1. neo

    where did her fake tits go, besides the fact there imitating flapjacks

  2. Ahhhhhg!!! The cavity! The cavity!!!!

  3. Rough week for Canada…first Vancouver had soccer riots, now Toronto has a sinkhole.

  4. Senor Trout

    ‘The sternum! It’s melted!’

  5. AleisterCrowley

    Damn! She’s like Godzilla through Tokyo!

  6. She looks like she just ate a raven.

  7. Jenny with a Y

    Of all the people to dodge the scarf trend, why Tori Spelling?

  8. GuyLeDouche

    This isn’t Tori; it’s her transvestite body double Phillip McCavity.

  9. Squishy

    What the hell is hanging off of her neck?!

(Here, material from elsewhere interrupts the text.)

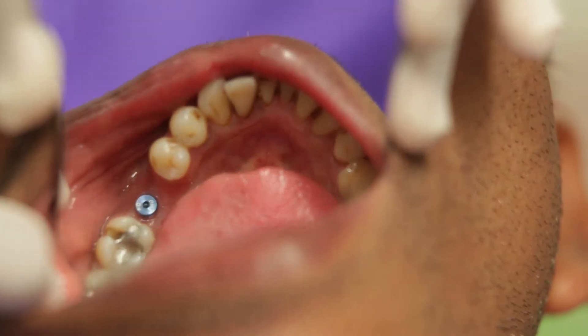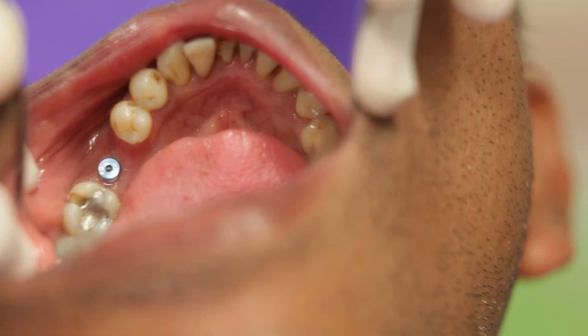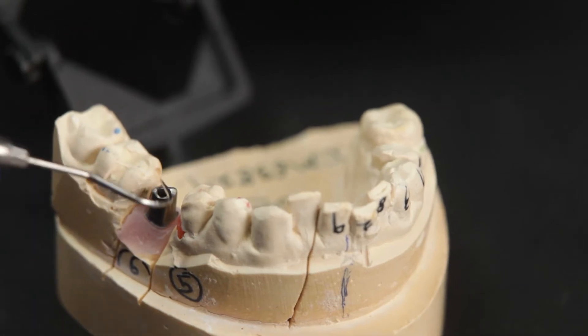This is the case of a lower molar implant where the impressions were done and I now have the prosthesis delivered to me from Illusion Dental Lab. I have ordered a smart abutment for this case, which is a CAD-CAM customized abutment with the highest levels of precision.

  10. Is the point of this game to make the little black bag thing fit in the hole? I had a game like that with BBs when I was a kid but it had a pretty picture on it and it was probably a lot easier to shake back and forth.

  11. Colin

    I don’t think those black things are even hers, I think they’re just attracted to the gravitational pull of the black hole in her tits.

  12. bbiowa

    So a bird had to die for her headband, a trout had to die for her lips, and god knows what will need to be sacrificed to fill in her sternum divot. Carnage.

  13. dotmatrix

    Why do we get a pic of this. . . this. . . THING every damn day? What’s wrong with you, Fish?

  14. The Critical Crassness

    Another in a long list of celebrities who should have never bred.

  15. UnholyKrep

    There’s been a mistake- that’s Jar Jar Spelling, not Tori Spelling.

    Shesa no hungry no moah!

  16. Jack

    She’s so dumb she impaled herself with her headphones.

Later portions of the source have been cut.